My Name is Rachel Corrie premiered at the Royal Court Theatre in 2005, and has popped up around the world ever since. It was written by the generous Alan Rickman together with Katharine Viner, now editor in chief of the Guardian (she is the one who begs you for a contribution if you read the Guardian content online – just pay up if you don’t want the digital world to end up full of crap content provided by idiots like me). It is based on the diaries, journals and e-mails of Rachel Corrie, an activist who was killed in contentious circumstances in the Gaza Strip when protesting the demolition of the home of a Palestinian family.
Ms Corrie was clearly a young woman of immense talent and passion. Her parents, who Ms Doherty sketches with great skill, her education and her location in liberal Washington state (“a place for hippie kids”), combined to create a world view that she determined to explore through action and not just words. Her writings reveal a woman who was anything but dull and worthy, they are shot through with poetry, humour and self-awareness. She was also no political ingenue, as some might have you believe, and constantly questioned her views and the legitimacy and value of her protest. She did have a strong view on the plight of Palestinians, which deepened with engagement after she joined the International Solidarity Movement, and this is fully exposed in the play, which also has little truck with the Israeli view of her death as an “accident”. This firm, but remember still personal stance, is what has led to continued complaints about the content of the play by Israeli advocate organisations.

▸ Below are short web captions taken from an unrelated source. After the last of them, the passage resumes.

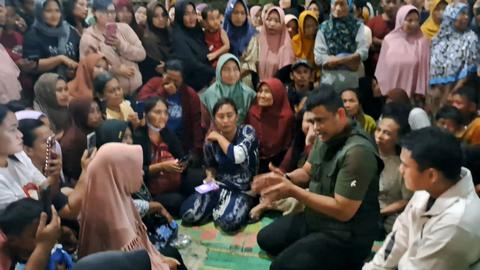 Kunjungi Lokasi Penampungan Warga Terdampak Banjir,  Gubernur Bobby Berikan Bantuan 1 Truk Logistik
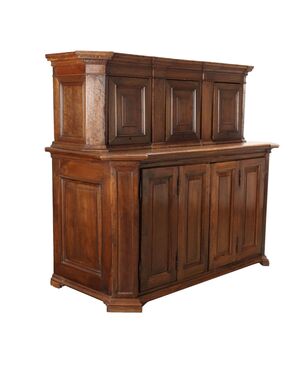 Credenza con Alzata in Noce Centro Italia inizio del XVIII Secolo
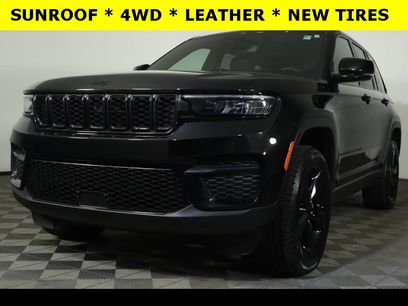 Used 2023 Jeep Grand Cherokee Altitude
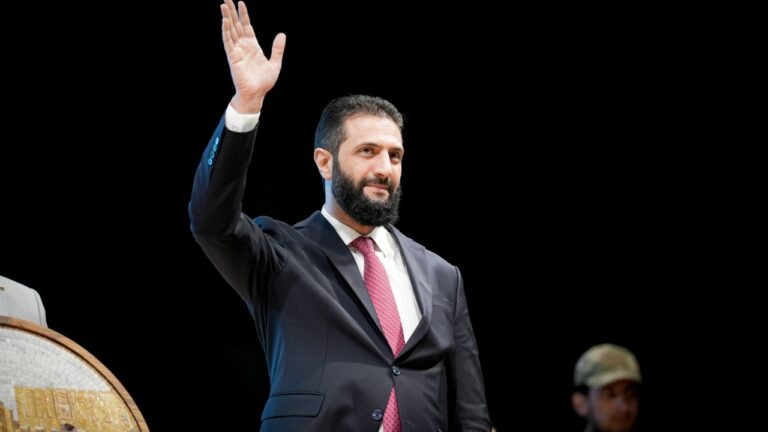 ahmed-al-shara-integrates-jihadist-fighters-into-syrian-forces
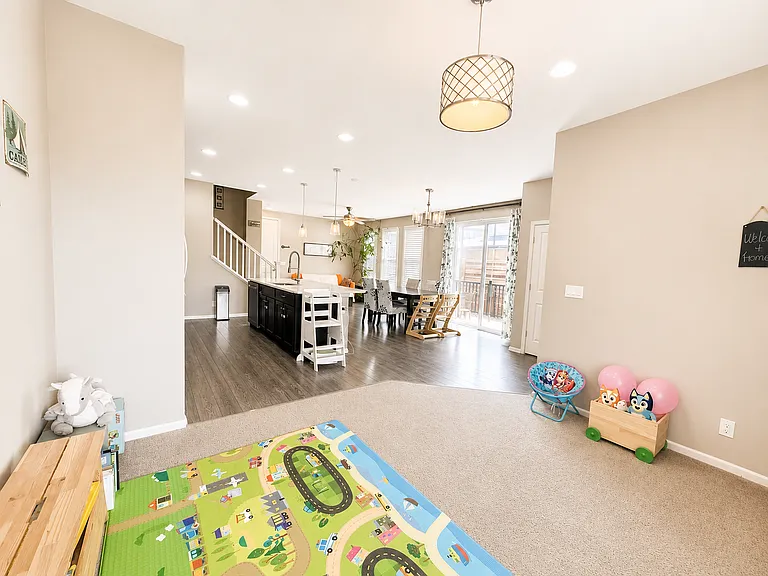 2808 N Macon Way — Photo 3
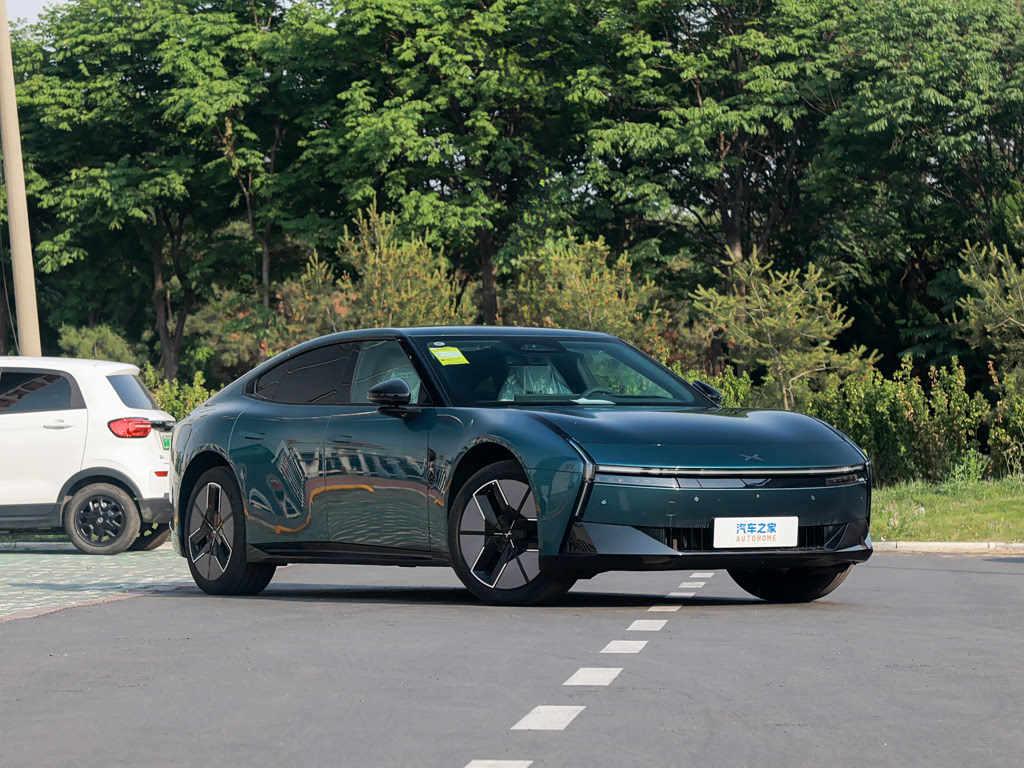 XPeng New P7 BEV — 8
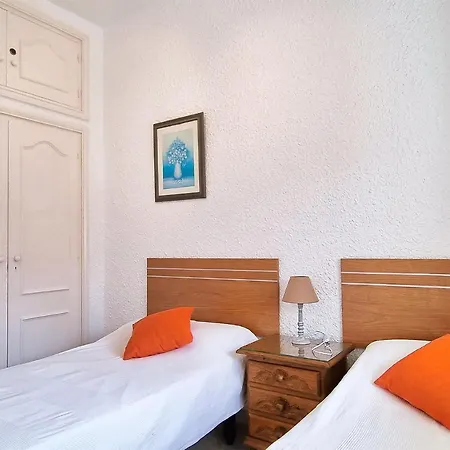 Skol 440. 1 Bed With Sea Views In Centre.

I found the passages from Ms Corrie’s precocious early life (“everyone must feel safe”), and from the days before her death, most intense, as she seemed to determine how and why her life, and possible death, would have an impact. The last e-mail home sums it all up. The need to get things done, made transparent in her constant list writing, and to get others to listen, pervades Ms Doherty’s energetic performance. The set design from Sophie Thomas is minimal, just a wooden wall, with a handful of props. Ms Doherty even gets to change some of Joe Price’s blunt lighting design. Kieran Lucas’s sound design is equally direct. Wisely then, director Josh Roche, who chose to stage this play as the winner of 2017 JMK Award, leaves his actor alone to find Ms Corrie’s voice. Which she does. Brilliantly.
I don’t know how sympathetic Ms Doherty is to the message of the play, nor do I care. She is an actor. It is her job. But I do think she had real sympathy for her character which informed her impassioned performance. I await her next role (after the aforementioned Divide) with real interest.